13. Regarding Order 37 Rule 1 and 2 of the Civil Procedure Rules, Counsel submitted that the suit is termed as a matrimonial Cause but the prayers in the Plaint are about Trusts, the Plaintiff should therefore have filed an Originating Summons, the Plaintiff cannot sue for matrimonial Cause and ask the Court to declare that the deceased held property in trust for her, in the Plaintiff’s reply she states that the suit is a declaratory Cause for protection of interest in matrimonial property in wastage and posed the questions; is this the right forum? and; Is this the procedure to be used to protect the interest in matrimonial property of a dead registered owner? According to Counsel, the answer is no.
14. In conclusion, Counsel submitted that the law is clear as to what documents and procedure should be adopted when seeking orders in a matrimonial suit and trusts, this is a point of law and not of fact hence the Preliminary Objection stands. According to Counsel, the Plaintiff has filed a frivolous and scandalous Cause and hence has wasted Court’s precious time, she should instead use her energy to litigate in a Succession Cause in respect of her deceased husband.

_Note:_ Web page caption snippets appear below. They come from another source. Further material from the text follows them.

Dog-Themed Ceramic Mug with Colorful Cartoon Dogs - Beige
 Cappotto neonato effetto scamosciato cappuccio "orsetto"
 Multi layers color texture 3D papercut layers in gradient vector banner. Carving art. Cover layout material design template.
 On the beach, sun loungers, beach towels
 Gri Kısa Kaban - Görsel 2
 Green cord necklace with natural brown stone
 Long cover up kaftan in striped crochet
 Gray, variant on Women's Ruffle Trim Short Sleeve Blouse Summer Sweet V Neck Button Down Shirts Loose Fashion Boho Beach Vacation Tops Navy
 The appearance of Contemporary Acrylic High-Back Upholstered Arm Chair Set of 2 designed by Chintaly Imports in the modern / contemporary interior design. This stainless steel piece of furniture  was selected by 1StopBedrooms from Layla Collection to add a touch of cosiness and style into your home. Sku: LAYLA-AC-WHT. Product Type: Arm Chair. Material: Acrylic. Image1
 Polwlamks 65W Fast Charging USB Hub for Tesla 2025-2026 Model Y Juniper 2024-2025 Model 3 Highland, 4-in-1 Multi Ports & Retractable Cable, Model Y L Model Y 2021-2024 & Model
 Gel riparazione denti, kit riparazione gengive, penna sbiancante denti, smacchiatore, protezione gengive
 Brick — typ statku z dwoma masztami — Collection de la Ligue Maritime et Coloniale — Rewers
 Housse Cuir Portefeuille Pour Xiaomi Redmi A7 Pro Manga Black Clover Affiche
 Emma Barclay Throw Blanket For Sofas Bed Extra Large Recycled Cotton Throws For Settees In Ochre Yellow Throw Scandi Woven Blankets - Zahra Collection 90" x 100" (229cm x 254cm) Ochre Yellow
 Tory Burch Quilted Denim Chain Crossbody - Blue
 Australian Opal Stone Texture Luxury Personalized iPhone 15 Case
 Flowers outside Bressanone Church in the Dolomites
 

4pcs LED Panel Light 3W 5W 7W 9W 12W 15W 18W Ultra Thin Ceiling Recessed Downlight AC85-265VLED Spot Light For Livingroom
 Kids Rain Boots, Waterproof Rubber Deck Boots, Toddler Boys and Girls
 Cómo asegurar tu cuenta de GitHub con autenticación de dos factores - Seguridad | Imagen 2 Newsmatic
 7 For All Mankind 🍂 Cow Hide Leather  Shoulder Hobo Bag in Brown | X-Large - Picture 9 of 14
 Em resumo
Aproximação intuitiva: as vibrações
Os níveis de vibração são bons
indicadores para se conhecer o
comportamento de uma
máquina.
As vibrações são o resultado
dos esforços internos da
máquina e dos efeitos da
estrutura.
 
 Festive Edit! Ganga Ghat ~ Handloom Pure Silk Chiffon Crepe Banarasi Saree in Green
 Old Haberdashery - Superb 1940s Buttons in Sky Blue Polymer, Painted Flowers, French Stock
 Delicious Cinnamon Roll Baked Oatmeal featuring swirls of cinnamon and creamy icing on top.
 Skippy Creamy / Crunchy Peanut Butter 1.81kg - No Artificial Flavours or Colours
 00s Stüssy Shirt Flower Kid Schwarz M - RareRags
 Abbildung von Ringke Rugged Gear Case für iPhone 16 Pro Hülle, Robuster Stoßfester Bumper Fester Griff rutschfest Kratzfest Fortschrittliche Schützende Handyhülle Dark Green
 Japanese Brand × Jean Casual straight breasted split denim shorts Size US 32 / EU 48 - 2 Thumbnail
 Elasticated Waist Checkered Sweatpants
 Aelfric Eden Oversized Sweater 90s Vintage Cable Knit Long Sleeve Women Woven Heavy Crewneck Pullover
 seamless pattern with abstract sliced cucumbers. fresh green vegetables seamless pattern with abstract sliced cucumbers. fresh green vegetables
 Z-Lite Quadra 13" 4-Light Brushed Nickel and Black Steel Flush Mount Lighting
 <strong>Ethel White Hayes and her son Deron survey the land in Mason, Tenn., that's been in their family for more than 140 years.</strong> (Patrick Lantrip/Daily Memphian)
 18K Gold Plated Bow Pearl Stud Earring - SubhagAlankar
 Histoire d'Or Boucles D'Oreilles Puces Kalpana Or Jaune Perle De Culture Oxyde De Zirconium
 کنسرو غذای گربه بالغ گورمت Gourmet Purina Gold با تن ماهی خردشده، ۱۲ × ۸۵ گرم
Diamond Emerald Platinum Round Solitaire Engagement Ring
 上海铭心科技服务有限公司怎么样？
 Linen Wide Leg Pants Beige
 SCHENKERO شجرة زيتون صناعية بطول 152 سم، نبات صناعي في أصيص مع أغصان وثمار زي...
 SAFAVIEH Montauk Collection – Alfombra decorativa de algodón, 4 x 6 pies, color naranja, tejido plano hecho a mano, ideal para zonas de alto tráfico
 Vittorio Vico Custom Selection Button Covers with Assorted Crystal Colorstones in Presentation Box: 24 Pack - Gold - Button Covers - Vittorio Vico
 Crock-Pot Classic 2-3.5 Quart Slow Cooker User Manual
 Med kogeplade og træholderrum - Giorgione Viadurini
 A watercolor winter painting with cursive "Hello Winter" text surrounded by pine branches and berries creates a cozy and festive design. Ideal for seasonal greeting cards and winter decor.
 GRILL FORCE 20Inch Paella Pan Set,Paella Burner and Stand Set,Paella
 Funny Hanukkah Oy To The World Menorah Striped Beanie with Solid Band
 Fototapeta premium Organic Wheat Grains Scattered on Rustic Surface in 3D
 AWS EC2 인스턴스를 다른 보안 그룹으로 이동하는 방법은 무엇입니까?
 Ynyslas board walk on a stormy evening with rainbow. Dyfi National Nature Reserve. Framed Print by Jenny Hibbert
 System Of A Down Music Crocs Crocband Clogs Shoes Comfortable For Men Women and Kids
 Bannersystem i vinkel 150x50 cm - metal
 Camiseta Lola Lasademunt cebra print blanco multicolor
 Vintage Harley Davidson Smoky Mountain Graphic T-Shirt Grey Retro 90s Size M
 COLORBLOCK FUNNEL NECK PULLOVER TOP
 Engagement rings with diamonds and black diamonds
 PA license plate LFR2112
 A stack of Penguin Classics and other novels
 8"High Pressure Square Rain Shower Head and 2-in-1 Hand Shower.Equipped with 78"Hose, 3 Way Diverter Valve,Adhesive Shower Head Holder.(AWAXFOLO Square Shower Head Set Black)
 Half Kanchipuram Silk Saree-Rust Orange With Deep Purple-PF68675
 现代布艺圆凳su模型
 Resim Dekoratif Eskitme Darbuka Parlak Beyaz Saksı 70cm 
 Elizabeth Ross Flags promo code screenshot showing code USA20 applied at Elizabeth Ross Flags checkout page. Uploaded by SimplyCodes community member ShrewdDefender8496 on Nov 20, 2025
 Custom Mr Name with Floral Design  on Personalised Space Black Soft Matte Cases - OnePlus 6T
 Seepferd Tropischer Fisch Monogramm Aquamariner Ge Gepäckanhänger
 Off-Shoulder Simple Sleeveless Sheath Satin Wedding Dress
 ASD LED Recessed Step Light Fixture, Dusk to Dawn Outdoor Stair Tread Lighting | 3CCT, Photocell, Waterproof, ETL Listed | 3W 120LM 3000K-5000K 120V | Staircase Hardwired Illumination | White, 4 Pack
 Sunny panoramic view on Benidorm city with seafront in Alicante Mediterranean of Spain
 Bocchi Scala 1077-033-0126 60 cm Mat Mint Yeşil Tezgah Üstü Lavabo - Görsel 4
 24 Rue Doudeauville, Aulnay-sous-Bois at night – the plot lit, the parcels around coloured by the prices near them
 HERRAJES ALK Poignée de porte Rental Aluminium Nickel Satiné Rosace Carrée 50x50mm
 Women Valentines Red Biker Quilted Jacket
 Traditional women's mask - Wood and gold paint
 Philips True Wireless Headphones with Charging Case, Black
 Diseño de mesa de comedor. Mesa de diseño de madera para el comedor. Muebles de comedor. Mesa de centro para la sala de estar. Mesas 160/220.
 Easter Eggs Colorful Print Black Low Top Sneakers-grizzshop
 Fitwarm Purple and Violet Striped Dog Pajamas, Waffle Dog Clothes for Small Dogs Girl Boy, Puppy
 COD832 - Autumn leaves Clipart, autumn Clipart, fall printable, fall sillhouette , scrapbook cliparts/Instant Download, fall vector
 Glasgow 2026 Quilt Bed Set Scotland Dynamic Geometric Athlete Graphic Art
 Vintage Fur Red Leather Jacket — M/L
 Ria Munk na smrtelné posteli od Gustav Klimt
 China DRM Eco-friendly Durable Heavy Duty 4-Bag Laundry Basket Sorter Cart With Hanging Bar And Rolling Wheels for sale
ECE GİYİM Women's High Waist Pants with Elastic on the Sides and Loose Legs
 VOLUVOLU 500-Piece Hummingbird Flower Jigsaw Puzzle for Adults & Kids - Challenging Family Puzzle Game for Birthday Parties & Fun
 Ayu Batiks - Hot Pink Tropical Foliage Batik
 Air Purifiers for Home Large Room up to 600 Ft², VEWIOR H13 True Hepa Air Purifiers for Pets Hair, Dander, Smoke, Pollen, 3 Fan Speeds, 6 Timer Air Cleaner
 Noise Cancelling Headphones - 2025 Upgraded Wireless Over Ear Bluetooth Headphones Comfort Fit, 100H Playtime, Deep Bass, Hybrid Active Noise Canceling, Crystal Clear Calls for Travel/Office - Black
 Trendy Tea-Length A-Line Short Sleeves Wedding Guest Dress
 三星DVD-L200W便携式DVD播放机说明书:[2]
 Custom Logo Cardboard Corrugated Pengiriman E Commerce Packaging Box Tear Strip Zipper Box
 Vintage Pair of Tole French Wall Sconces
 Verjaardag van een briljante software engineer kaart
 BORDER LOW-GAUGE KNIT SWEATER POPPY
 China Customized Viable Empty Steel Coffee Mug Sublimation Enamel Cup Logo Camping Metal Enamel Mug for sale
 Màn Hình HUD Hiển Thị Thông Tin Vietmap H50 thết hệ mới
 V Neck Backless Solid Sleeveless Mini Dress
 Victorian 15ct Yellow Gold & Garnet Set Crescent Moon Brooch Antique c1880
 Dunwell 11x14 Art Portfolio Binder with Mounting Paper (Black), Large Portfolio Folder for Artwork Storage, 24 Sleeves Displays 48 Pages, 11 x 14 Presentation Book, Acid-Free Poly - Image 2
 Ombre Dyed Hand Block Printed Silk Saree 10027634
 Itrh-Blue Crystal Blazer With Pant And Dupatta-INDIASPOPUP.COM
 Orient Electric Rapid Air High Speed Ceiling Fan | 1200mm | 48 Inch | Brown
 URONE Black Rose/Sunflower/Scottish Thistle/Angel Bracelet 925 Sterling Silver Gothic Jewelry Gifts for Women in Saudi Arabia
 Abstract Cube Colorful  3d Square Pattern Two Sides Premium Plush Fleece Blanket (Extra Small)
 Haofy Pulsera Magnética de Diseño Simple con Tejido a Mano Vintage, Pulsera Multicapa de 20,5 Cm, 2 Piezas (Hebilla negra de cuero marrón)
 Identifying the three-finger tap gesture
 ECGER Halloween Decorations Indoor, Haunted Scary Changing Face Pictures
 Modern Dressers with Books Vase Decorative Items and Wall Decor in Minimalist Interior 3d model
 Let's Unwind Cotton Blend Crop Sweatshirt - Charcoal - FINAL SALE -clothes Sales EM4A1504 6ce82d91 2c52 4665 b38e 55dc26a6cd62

Plaintiff’s Submissions 15. On whether the Court has jurisdiction to issue declaratory orders in the estate of the deceased, Counsel for the Plaintiff submitted that this Cause arises from the right to property and specifically matrimonial property, the spouse who is the registered owner of the properties was polygamous hence the current Cause, where there is a threat of violation of the right to property, the Constitution guarantees the right to move to Court for protection, Article 40 of the Constitution of Kenya 2010 provides that every person has a right to own property which right shall be protected by the State, Section 7(1) of the Matrimonial Property Act gives a spouse, whether current or former, the right to move the Court for declaration of property as matrimonial, the marriage between the Plaintiff and the 1st Defendant was terminated by reason of death, the Plaintiff is now therefore a former spouse and whose entitlement to the properties jointly acquired by the two is at danger of being alienated hence the need for declaratory orders, this is the appropriate Court to determine the issue as to whether the properties are matrimonial, whereas it is true that the properties are in the name of the 1st Defendant who is now deceased, the Plaintiff is only seeking to prove her interest in the properties and a declaration that she has rights to be protected, this is particularly important because it will save the Court’s time during Succession proceedings when it is finally filed, having obtained declaratory orders as to the subject parcels of land, certainty will have been achieved on whether they constitute free property for purposes of Succession, the orders sought will not result in the transfer of ownership to the name of the Plaintiff but rather to protect her rights to the parcels by contribution, there is no prejudice that will be suffered and therefore the Preliminary Objection is ill-advised.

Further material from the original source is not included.